Damascus infuriates Islamist conservatives with amendments to civil law

Much inspiration for the new Syrian law came from Tunisia 1956 Code of Personal Status.
Sunday 17/02/2019
A general view of the courthouse in Damascus. (Reuters)
New priorities. A general view of the courthouse in Damascus. (Reuters)

BEIRUT - Syrian President Bashar Assad signed off on amendments to the country’s civil law that place strict restrictions on polygamy and authorising DNA tests to determine bloodlines.

Both reforms had long been vetoed by Islamic jurists who described them as “un-Islamic.” They have become a necessity, however, due to crippling social and economic hardships and the increased number of children born out of wedlock.

The legislation, passed earlier this month by parliament and the Higher Islamic Jurisprudence Council, aims at remodelling Syria as a “progressive nation” committed to modernity and women empowerment.

The legislation gives women the right to include a clause in marriage documents conditioning that their husbands don’t take a second, third or fourth wife, as allowed by sharia.

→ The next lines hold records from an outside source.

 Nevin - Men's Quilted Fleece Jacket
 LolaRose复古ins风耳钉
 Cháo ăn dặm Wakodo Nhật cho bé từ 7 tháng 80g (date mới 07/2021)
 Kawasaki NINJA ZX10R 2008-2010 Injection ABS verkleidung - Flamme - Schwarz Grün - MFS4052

The Prophet Mohammad had multiple wives and Muslim societies have encouraged polygamy in times of war — the condition in Syria at present — especially for widows of men killed on the battlefield. Polygamy has been marketed as a “social and religious duty” towards society at large, with supporters claiming that it limits adultery and blasphemy.

By law, women previously were entitled to file for divorce if they objected to their husband’s remarriage but only after relinquishing all rights to financial compensation under Islamic law.

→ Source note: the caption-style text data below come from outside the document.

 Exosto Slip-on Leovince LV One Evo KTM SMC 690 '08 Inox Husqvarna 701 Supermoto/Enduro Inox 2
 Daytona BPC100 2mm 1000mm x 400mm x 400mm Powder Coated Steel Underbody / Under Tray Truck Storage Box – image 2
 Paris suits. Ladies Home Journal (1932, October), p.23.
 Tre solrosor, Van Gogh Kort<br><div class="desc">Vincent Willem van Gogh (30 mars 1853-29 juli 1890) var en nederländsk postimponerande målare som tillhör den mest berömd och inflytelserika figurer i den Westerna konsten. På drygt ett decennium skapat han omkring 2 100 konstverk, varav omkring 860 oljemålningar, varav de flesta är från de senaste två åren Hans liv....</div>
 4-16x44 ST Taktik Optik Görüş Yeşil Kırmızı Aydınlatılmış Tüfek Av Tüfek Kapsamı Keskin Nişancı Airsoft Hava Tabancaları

Now, they can file for divorce and be automatically and fully compensated. Additionally, men wanting to take on multiple wives must prove their financial ability, through a monthly salary of no less than $1,000, and to find separate homes for their different wives.

Both conditions are technically difficult in a society where average monthly wages do not exceed $100-$200. The Syrian Ministry of Justice said 40% of marriages in 2018 were for second wives, a number that is expected to drop significantly.

The legal marriage age has been fixed at 18 for both men and women, although in the past both sexes could register a marriage at the age of 12-15, if they were able to prove “physical and emotional” readiness for married life.

Fathers were entitled to marry off their daughters through legal proxy, without the bride showing up for the marriage ceremony. That has been scrapped and women are required to appear in person for marriage and to offer verbal consent without family intimidation.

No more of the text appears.